The King says, “You are not to judge each other in this Kingdom.”

Righteous Judging

What does that mean? I can tell you what our culture wants it to mean. Matthew 7:1 has become a mantra in our culture. “Judge not, lest you be judged.” “Who are you to judge?” “Don’t ever pass judgment.” Our culture hates all moral evaluation, so they would take Jesus’ words here in an absolute way. Just shut your brain off when it comes to ethics and do not make any distinctions. Do not ever say anything is wrong or evil or sin and do not use the word “ought” regarding any moral obligation. Accept everyone as they are unconditionally and do not even so much as believe something that someone else is doing is wrong. That is really the spirit of our age.

And that is not surprising. If you have a whole culture of people who want to ignore God and His will and His law and do whatever they please, the last thing they want is anyone reminding them that they are evil.
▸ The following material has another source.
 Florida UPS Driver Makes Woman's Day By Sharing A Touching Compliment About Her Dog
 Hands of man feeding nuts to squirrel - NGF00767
But is that what Jesus is saying? We know for sure that it is not because of verse 6. He warns us about people who are dogs and pigs. Then a little later He tells us to watch out for false prophets and that we will know them by their fruit. So obviously we have to be able to discern who the dogs and pigs and false prophets are. In fact, in other contexts Jesus commands us to judge.

John 7:24 Stop judging by mere appearances, and make a right judgment.

In chapter 18 Jesus says this:

Matthew 18:15 If your brother sins against you, go and show him his fault

Not only must you judge him to be in the wrong, but you are to confront him about it.

Leviticus 19:17 Do not hate your brother in your heart. Rebuke your neighbor frankly so you will not share in his guilt.

Do not hate him – rebuke him. We recently had a visitor who was shocked to hear that we were carrying out church discipline. She said, “We should just love everybody.” But according to God’s Word if you fail to rebuke your brother for sin that is an act of hatred, not love. Scripture is loaded with commands that we make judgments.

1 John 4:1 do not believe every spirit, but test the spirits to see whether they are from God, because many false prophets have gone out into the world.

Philippians 3:2 Watch out for those dogs, those men who do evil

So we must make moral judgments.

Those people who say we should judge nothing are holding to a self-refuting belief. If I am judging everyone, and they point to me and tell me I am wrong to do that, what are they doing? Judging me! They make the judgment that all judgment is wrong, and in their judgment no one should make judgments because they judge all judgments to be wrongly judgmental – except for their passing judgment on judgment. It is the same, double standard, hypocritical, self-refuting error that the postmodern people always make when they try to say they there are no absolutes. I always want to ask, “Are you absolutely sure there are no absolutes?” They are sure there is nothing we can be sure of, and they rule out all rule-making, speak out against all speaking out, and pass judgment on all judging.

Jesus is calling for graciousness, not blindness. To look at something God calls sin and pretend it is not sin is blindness. And it is a mark of infantile immaturity. Ephesians 4:14 describes undiscerning people as being like…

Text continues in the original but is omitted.